** Opening Data shown block **

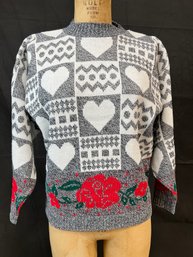 1990s Womens Sweater - Hearts And Flowers By Hot Cashews
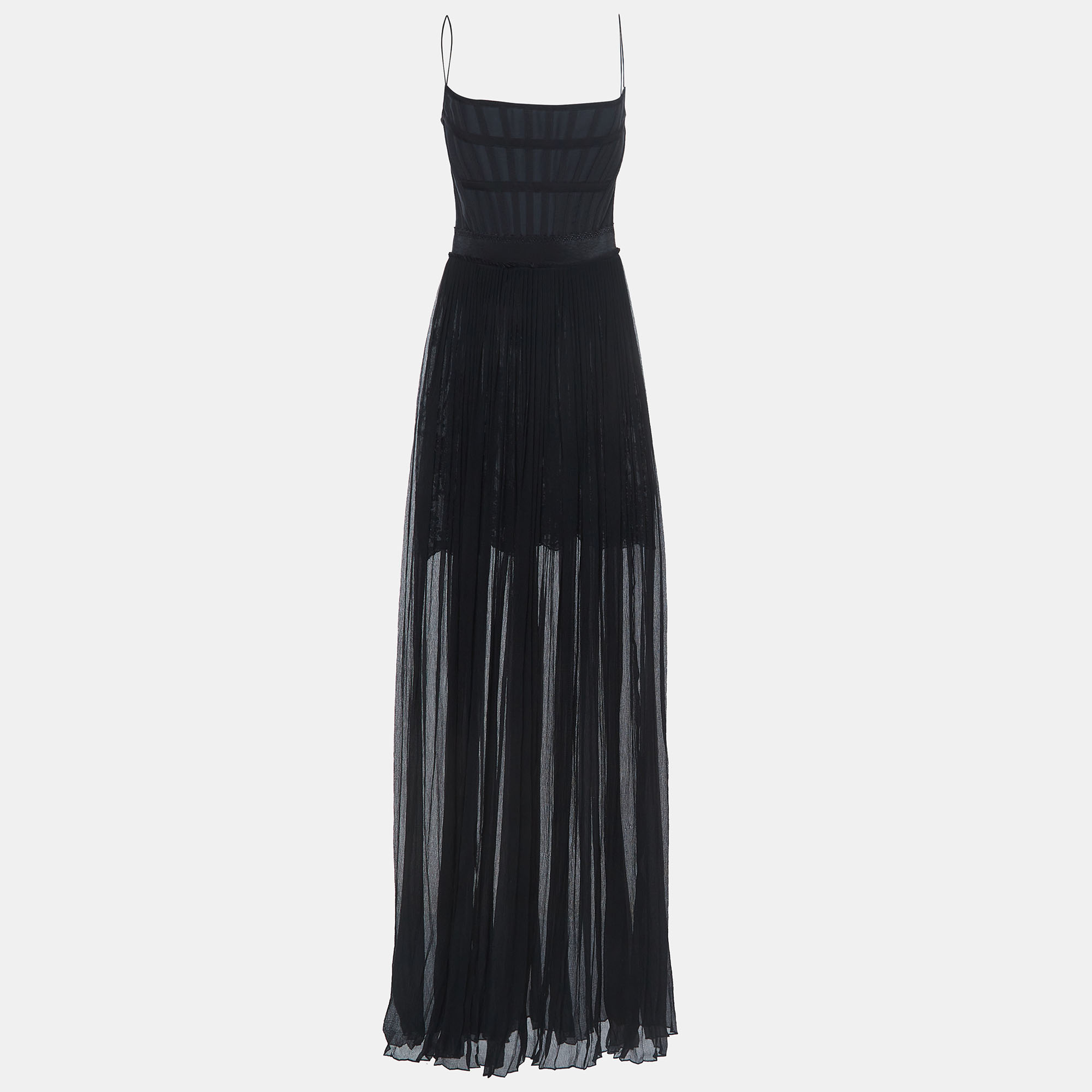 Pre-owned Stella Mccartney Black Silk Pleated Sheer Corset Gown M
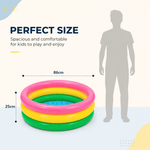 Inflatable kiddie pool size chart showing 86cm width and 25cm height dimensions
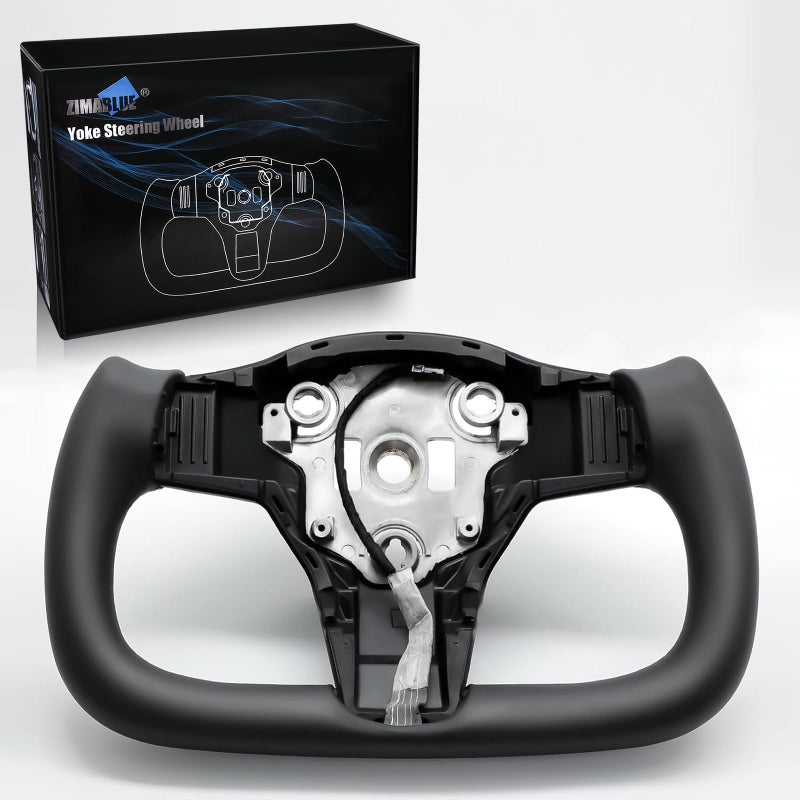 ZIMABLUE Yoke Steering Wheel Personalized Yoke Steering Wheel Nappa Leather without Front Trim for Tesla Model 3 20172023 Model Y 20192024 With Heating Function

** Closing Data shown block **

The listing above must be retyped word for word, without the pictures.

* **Task answer**
 1990s Womens Sweater - Hearts And Flowers By Hot Cashews
 Pre-owned Stella Mccartney Black Silk Pleated Sheer Corset Gown M
 Inflatable kiddie pool size chart showing 86cm width and 25cm height dimensions
 ZIMABLUE Yoke Steering Wheel Personalized Yoke Steering Wheel Nappa Leather without Front Trim for Tesla Model 3 20172023 Model Y 20192024 With Heating Function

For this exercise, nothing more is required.